When you go to a job interview, you are usually asked the question, ‘Where do you see yourself in five years?’ The answer is usually, to some extent, a hopeful one. If, at the beginning of President Felipe Calderon’s drug war against the cartels, Mexicans were asked, ‘Where do you see your country in five years?’ their responses would have painted the picture of a Mexico that is much more secure than its current state. Instead, it is a Mexico that remains locked in a violent power struggle against drug cartels and corruption, a Mexico that many have abandoned altogether.

Dead, damaged, or displaced

On Wednesday, the Mexican government updated its drug related death toll during the five year drug war to 47, 515. Many critics argue that the real number is actually much higher; as the Mexican government, despite promises, has been slow to release official figures throughout the war. Though the data released was only recorded up until September of last year, 2011 was well on pace to be the deadliest year to date. To put the five year death toll into perspective, the death toll of coalition forces over a ten year period is 2,860.
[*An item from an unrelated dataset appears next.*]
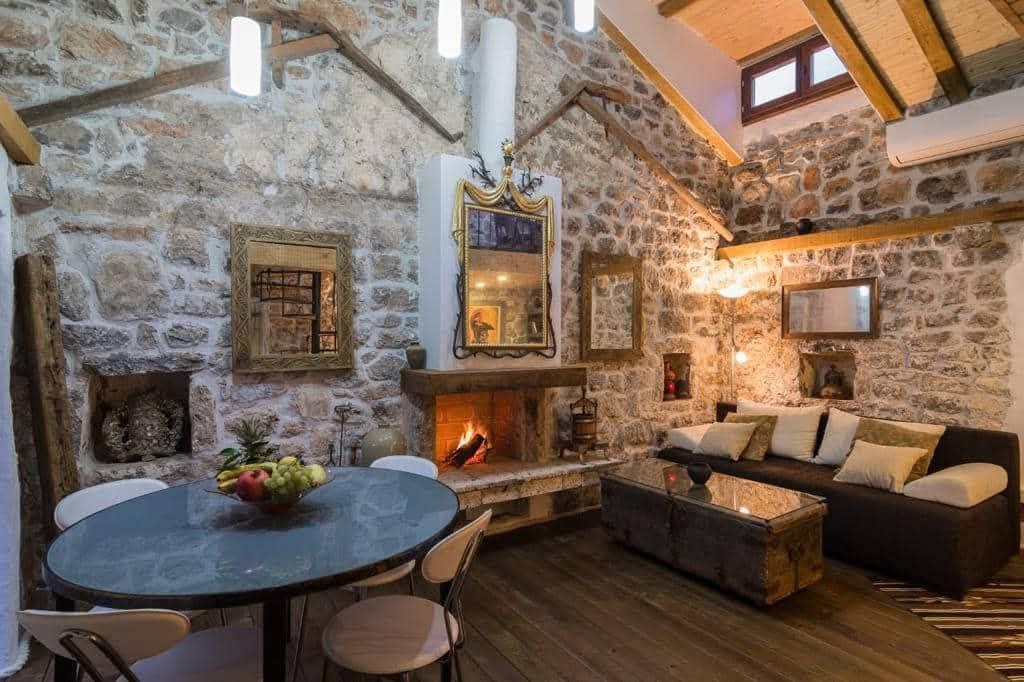 House For Sale, Đuraševići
The drug war death toll doesn’t include the 5,000 people who have vanished, according to Mexico’s National Human Rights Commission. Nor does it include the thousands of families who were damaged or displaced.
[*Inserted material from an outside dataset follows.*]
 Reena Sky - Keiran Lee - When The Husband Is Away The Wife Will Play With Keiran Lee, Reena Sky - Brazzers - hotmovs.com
The Internal Displacement Monitoring Centre reported that a research centre in Ciudad Juarez, Mexico’s deadliest city across the border from El Paso, Texas, found that up 220,00 people had left their place of residence due to violence. Furthermore; a private consultancy report found that violence had displaced 1.6 million Mexicans – half of which – fled the country.

Small victories, large resistance

There have been some small victories over the five year struggle. Security forces have seized large drugs and weapons caches, and 22 of Mexico’s 37 most wanted drug lords have been captured or killed. Calderon has managed to cleanse some of the widespread police corruption seen across Mexico, achieved through lie-detector tests and pay raises for new recruits. Unfortunately, the small victories have done little to slow the resistance of the cartels, and are overshadowed by relentless violence that has torn certain areas of the country apart.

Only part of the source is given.